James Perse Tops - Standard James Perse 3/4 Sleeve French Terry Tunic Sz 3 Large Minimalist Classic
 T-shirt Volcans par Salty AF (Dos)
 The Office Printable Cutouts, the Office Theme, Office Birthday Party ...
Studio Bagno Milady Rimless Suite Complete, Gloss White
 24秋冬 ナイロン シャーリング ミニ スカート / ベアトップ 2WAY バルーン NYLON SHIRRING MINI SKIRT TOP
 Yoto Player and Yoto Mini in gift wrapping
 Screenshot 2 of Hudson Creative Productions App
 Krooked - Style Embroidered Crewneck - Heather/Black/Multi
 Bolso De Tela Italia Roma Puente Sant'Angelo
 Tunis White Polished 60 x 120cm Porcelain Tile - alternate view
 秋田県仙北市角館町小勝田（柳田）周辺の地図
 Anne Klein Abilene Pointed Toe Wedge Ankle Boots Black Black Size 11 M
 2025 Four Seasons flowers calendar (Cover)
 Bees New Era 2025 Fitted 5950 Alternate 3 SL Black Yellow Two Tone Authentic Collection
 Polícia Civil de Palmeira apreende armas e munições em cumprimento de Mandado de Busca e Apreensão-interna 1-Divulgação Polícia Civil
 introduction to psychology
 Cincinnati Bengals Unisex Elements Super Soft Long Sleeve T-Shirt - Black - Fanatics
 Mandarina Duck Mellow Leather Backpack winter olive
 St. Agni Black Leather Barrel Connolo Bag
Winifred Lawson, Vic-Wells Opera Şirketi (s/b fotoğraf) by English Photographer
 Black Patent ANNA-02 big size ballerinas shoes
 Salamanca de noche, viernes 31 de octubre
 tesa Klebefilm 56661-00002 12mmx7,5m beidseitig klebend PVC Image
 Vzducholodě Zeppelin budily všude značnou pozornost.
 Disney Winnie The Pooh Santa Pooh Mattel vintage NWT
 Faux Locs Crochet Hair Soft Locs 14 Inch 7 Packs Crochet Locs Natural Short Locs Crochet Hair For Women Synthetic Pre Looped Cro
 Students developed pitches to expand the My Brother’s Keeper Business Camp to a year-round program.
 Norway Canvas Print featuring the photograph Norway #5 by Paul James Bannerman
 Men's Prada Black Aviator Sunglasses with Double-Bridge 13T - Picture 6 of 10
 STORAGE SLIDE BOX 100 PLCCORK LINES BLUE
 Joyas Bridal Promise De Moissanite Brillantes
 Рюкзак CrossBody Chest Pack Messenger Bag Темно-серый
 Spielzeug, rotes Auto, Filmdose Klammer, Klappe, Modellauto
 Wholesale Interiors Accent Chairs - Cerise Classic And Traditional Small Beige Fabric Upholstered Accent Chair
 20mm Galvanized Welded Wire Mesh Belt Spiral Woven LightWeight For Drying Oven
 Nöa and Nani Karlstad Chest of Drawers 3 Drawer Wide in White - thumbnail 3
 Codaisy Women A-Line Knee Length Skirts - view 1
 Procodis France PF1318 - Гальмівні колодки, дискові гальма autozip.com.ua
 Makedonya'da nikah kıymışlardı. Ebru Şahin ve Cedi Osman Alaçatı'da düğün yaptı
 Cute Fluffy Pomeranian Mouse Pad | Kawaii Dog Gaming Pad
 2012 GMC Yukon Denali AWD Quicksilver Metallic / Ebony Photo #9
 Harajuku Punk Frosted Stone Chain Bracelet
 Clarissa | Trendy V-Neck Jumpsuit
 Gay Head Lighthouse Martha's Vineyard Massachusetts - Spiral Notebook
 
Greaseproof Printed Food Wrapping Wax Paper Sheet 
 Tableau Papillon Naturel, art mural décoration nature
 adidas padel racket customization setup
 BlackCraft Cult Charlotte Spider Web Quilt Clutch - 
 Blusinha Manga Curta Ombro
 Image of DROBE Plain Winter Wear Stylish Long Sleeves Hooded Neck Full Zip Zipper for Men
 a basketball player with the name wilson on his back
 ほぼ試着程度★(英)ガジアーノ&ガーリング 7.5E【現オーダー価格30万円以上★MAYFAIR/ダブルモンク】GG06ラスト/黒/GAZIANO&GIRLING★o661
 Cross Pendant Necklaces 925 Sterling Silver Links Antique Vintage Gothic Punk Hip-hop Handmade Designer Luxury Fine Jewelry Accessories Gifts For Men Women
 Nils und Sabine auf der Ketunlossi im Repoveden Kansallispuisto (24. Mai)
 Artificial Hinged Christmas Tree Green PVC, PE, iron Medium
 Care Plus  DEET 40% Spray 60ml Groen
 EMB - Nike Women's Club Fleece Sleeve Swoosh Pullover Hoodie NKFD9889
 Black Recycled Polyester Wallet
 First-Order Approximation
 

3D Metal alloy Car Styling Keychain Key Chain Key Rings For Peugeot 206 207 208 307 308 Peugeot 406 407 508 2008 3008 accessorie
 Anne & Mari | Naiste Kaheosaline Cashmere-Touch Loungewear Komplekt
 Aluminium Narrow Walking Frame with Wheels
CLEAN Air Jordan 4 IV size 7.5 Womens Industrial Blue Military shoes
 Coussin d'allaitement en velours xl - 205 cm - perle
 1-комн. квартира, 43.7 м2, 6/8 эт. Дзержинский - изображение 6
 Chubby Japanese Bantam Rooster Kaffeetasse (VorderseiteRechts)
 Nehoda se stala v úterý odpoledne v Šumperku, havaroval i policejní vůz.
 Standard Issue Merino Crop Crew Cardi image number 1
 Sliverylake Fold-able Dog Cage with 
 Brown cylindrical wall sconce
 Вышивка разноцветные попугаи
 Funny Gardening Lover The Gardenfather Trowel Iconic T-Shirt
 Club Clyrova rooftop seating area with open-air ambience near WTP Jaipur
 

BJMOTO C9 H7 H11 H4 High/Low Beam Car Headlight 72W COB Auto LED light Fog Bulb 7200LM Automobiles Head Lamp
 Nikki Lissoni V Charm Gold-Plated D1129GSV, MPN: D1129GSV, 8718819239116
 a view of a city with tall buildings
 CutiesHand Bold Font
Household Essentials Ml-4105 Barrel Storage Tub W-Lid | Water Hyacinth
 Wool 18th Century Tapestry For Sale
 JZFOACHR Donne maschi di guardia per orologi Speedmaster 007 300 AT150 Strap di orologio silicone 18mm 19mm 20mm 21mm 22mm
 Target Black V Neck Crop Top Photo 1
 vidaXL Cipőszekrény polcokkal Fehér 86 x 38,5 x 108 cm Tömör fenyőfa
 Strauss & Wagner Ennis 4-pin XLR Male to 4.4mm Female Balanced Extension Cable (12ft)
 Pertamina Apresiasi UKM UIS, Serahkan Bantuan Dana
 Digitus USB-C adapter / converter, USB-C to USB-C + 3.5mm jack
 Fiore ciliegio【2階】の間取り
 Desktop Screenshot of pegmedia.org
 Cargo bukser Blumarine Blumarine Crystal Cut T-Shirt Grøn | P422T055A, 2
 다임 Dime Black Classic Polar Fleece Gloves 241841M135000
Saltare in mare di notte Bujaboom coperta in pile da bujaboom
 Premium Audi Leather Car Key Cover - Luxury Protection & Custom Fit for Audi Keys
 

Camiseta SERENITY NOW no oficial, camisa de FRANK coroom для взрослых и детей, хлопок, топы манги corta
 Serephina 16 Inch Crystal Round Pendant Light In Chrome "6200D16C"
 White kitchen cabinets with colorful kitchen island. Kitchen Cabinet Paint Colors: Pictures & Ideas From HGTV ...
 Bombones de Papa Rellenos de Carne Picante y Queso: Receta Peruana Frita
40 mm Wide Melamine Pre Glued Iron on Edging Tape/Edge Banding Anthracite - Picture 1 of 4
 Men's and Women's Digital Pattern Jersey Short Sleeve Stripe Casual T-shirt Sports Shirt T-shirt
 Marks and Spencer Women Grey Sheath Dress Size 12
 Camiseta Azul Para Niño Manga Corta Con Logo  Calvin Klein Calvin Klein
§
DIRECTIONS FOR THIS TASK: Every line of the material above that includes the string "James" is required.

EXERCISE OUTPUT:
James Perse Tops - Standard James Perse 3/4 Sleeve French Terry Tunic Sz 3 Large Minimalist Classic
 Norway Canvas Print featuring the photograph Norway #5 by Paul James Bannerman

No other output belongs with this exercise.